Make your bedroom as comfortable as possible
- Make your bedroom as comfortable and inviting as possible:
- Make sure it’s dark. Blackout curtains are a great option when you want complete darkness, or you can use an eye mask if you need to block out any ambient light that might come in through windows.
- Keep it quiet. You may have the best intentions of waking up early enough to meditate before heading out for work, but if there’s a construction crew operating just outside your window at 6am, it’s not going to happen! The same goes for noisy neighbors with their televisions blaring or dogs barking at all hours—it’s hard to get quality sleep when you’re constantly being woken up by noise pollution! If possible, consider moving so that you’re not sleeping near loud sources of noise pollution like traffic on major streets or busy bars that don’t shut down until late at night (or even later).
- Find some peace and quiet within yourself by getting away from electronics (if only mentally) before bedtime; try reading an actual book instead of scrolling through Facebook or Instagram on your phone; give yourself time each evening where no one else is around (no roommates!) so that you can focus on relaxing without distraction before turning off all lights except those necessary in order read comfortably while laying down comfortably upon soft sheets atop cozy blankets atop comfy pillows under which lays a mattress suitable enough so as not disrupt restful slumber when lying upon said mattress as well?
Give yourself some screen-free time before bed.
Avoiding screens before bedtime is important. While you may love playing games on your phone or watching a late night show, the light from these devices can be enough to interfere with your body’s natural circadian rhythm. This means that you won’t fall asleep as easily and will have less sleep overall. It’s also important to think about what you’re doing on your devices: if they’re keeping you up because they’re making you anxious or stressed out, then it’s time to take them away!

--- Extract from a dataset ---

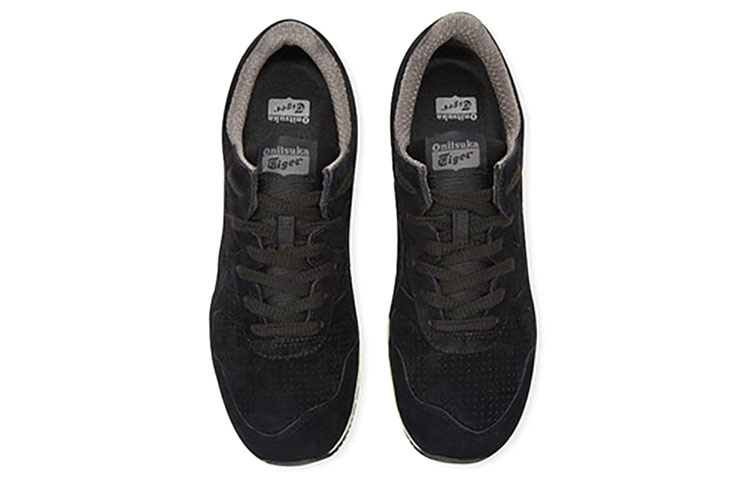 Lookbook 오니츠카 타이거 알리 블랙 (Onitsuka Tiger Ali Beullaek) D701L-9090
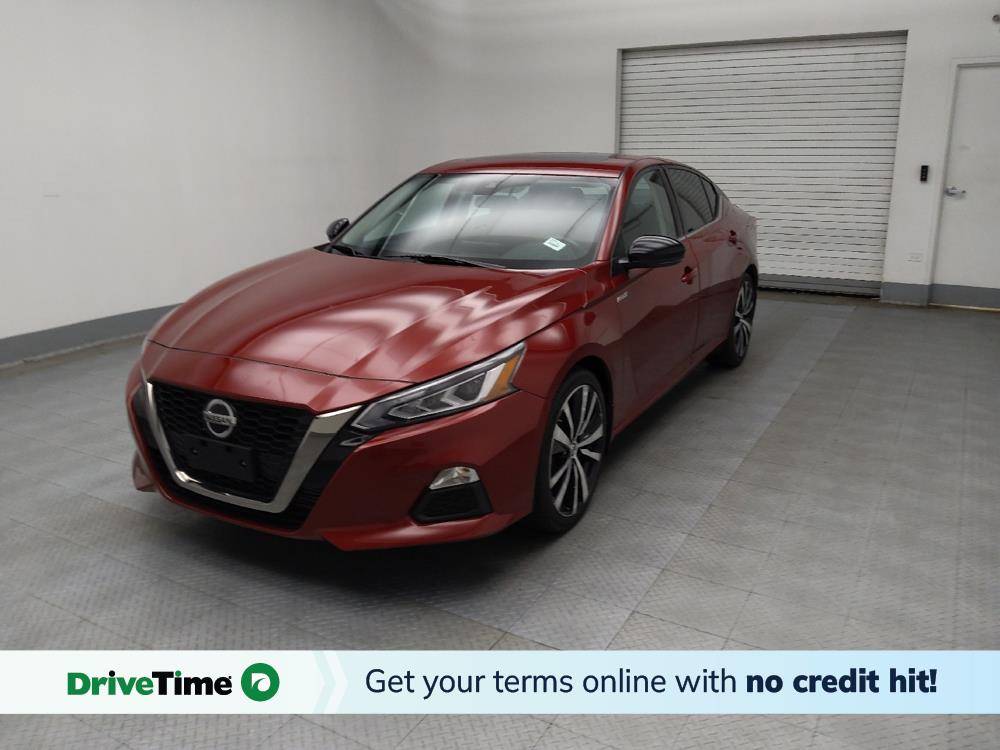 2022 Nissan Altima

Don’t go to bed too hungry or too full.
You should not go to bed hungry or full. If you eat a large meal just before going to bed, it can lead to heartburn and acid reflux, which will keep you awake. Eating too close to bedtime also disrupts the normal function of your digestive system, causing indigestion that makes it difficult for you to fall asleep. Eating a large meal within 2-3 hours of going to sleep leads to stomach discomfort, making it hard for your body to relax and get comfortable enough for sleep.
If caffeine is not already known as an enemy of good sleep, now it is! Caffeine keeps your brain awake by blocking adenosine receptors in the brain (which help us feel tired), so no matter how tired you feel when drinking coffee or tea at dinner time, chances are good that this stimulant will make it harder for you fall asleep at night later on. Alcohol can have similar effects as caffeine: It disrupts your circadian rhythm by inhibiting melatonin production and increasing serotonin levels in the brain—which contributes both directly or indirectly (via increased alertness)
Keeping these tips in mind will help you establish — and stick to — a sleep routine that works for you
- Make your bed a sacred space.
- Establish and stick to a regular sleep schedule.
- Stick to your morning routine, even on weekends.
- Avoid caffeine, alcohol and nicotine late in the evening (or at least an hour before bed).
Sleep is a vital part of living a healthy life. It’s the time when your body and brain get to rest and recharge, preparing you to tackle whatever challenges or joys the next day will bring. Having trouble sleeping can lead to many negative consequences, both physical and emotional in nature. If you want to improve your sleep, it can be helpful to establish a nighttime routine and stick with it; creating a regular pattern will help your body get used to going to sleep and waking up at certain times of day. But remember that everyone’s needs are different, so don’t be afraid of trying new things until you find what works best for you!